- WHAT THE TASK ASKS: For this exercise, return all the data word for word, with images left out.

- THE DATA:
● ● ● ● ●
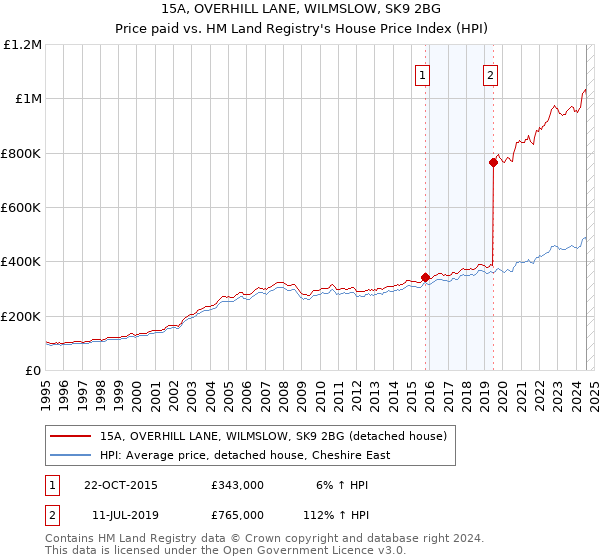 15A, OVERHILL LANE, WILMSLOW, SK9 2BG: Price paid vs HM Land Registry's House Price Index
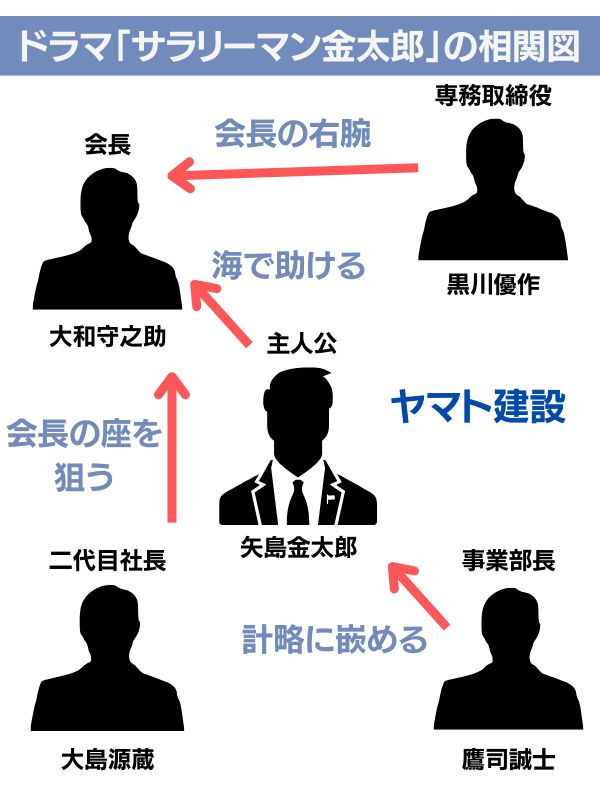 サラリーマン金太郎 相関図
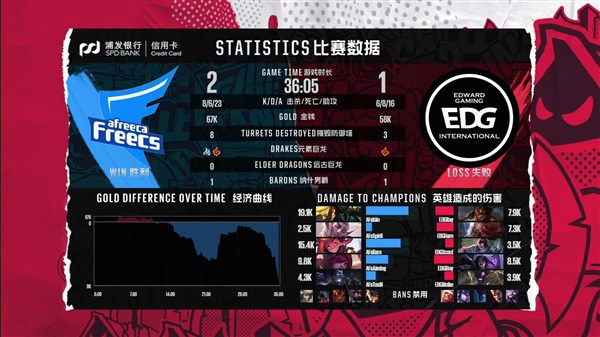2018lol洲际赛总决赛edgvsaf,2021年edg对战gk第一局lol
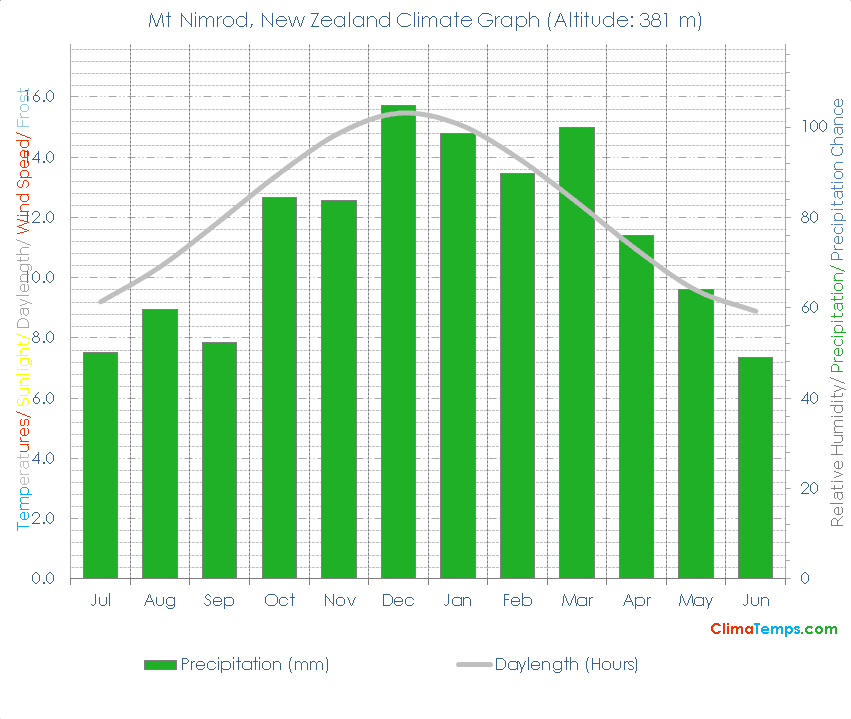 Mt Nimrod Climate Graph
● ● ● ● ●
- RESPONSE TO THE EXERCISE:
 15A, OVERHILL LANE, WILMSLOW, SK9 2BG: Price paid vs HM Land Registry's House Price Index
 サラリーマン金太郎 相関図
2018lol洲际赛总决赛edgvsaf,2021年edg对战gk第一局lol
 Mt Nimrod Climate Graph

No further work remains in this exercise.